Allowing her to use her linguistic skills (“I wanted to grow up and be a French actress”), the drama about a murder that leaves an unwitting witness in a battle with himself sees Antonia in a role that’s much smaller than her usual headline performances.
However, it’s one that she couldn’t resist for the reputation of the writers, and director Thomas Bidegain who believes all characters in a film are of equal importance – a theory that lead to six months of character development for Antonia, and flights across the world.”
Again, the experience was one that the actress wanted to be a part of because of her rather purist commitment to her craft and experiencing new things within it. It’s a quality one can’t help but find admirable for the sincerity with which she talks about it, a concept that could in another context sound rather scripted, if it weren’t for the energy and articulate understanding with which she talks about it.
Antonia Campbell-Hughes.

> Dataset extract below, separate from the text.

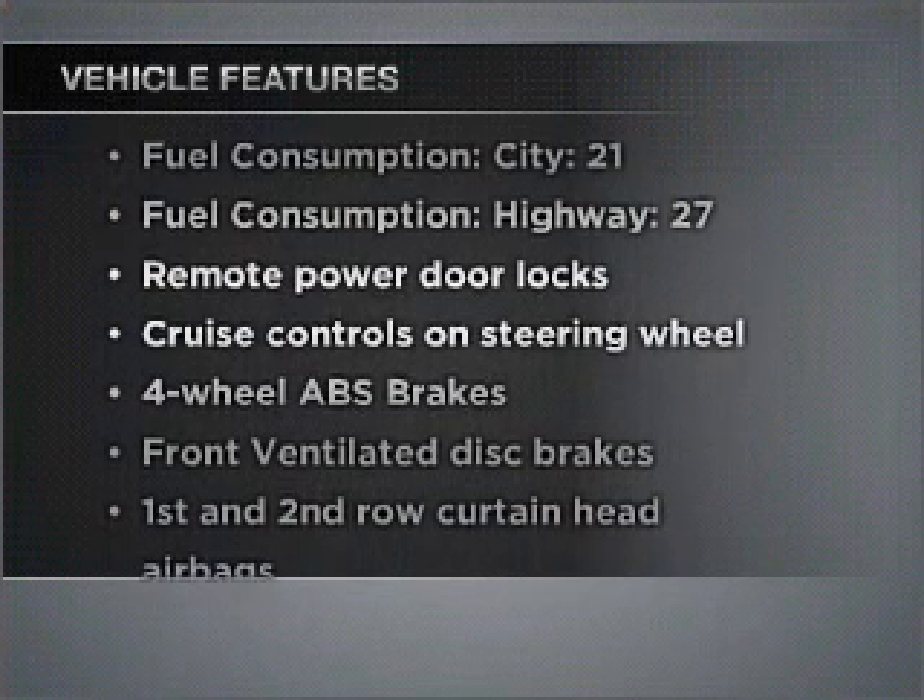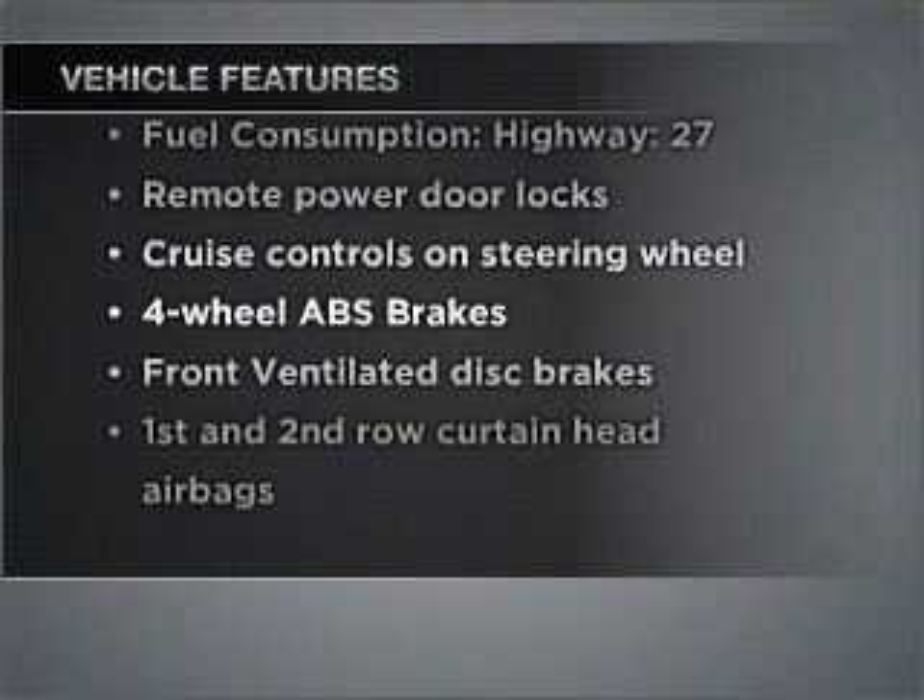Stand out from the crowd with premium wheels. Brake safely with the anti-lock braking system. And with these notable features, you won't want to miss out on the opportunity to own this amazing vehicle.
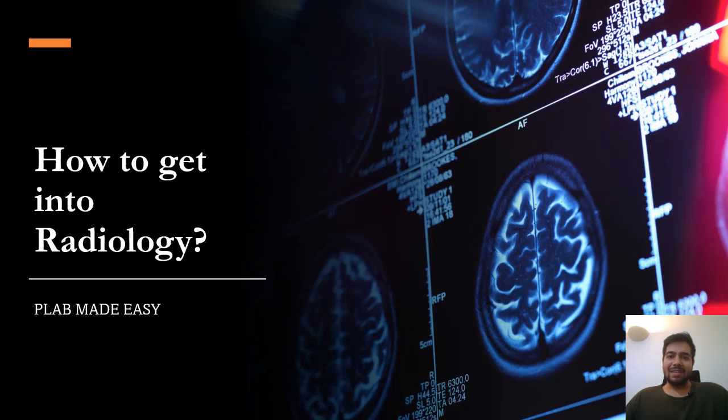Hi guys, this is Ashish, I'm a junior doctor working in the UK and welcome to PLAB Made Easy. In today's video I want to talk about how you can get into radiology training, and I was getting a lot of requests on my Instagram page to make this video, so here it is.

Photograph: Justin van Vliet
We go on to discuss at length another upcoming project that allows her to play a very religious character based on a real woman, and it raises Antonia’s curiosity about what drives people – the sometimes contradictory nature of real individuals such as the ego and its juxtaposition to this particular character’s devout Christianity.
“People say acting is about lying,” she says, “but I don’t believe that, it’s about telling the truth.” On that note, if that’s the integrity she continues to search for throughout her career, one can only believe that this smart cookie of an actress is going leave a legacy of very special films in her wake… things are certainly looking good so far.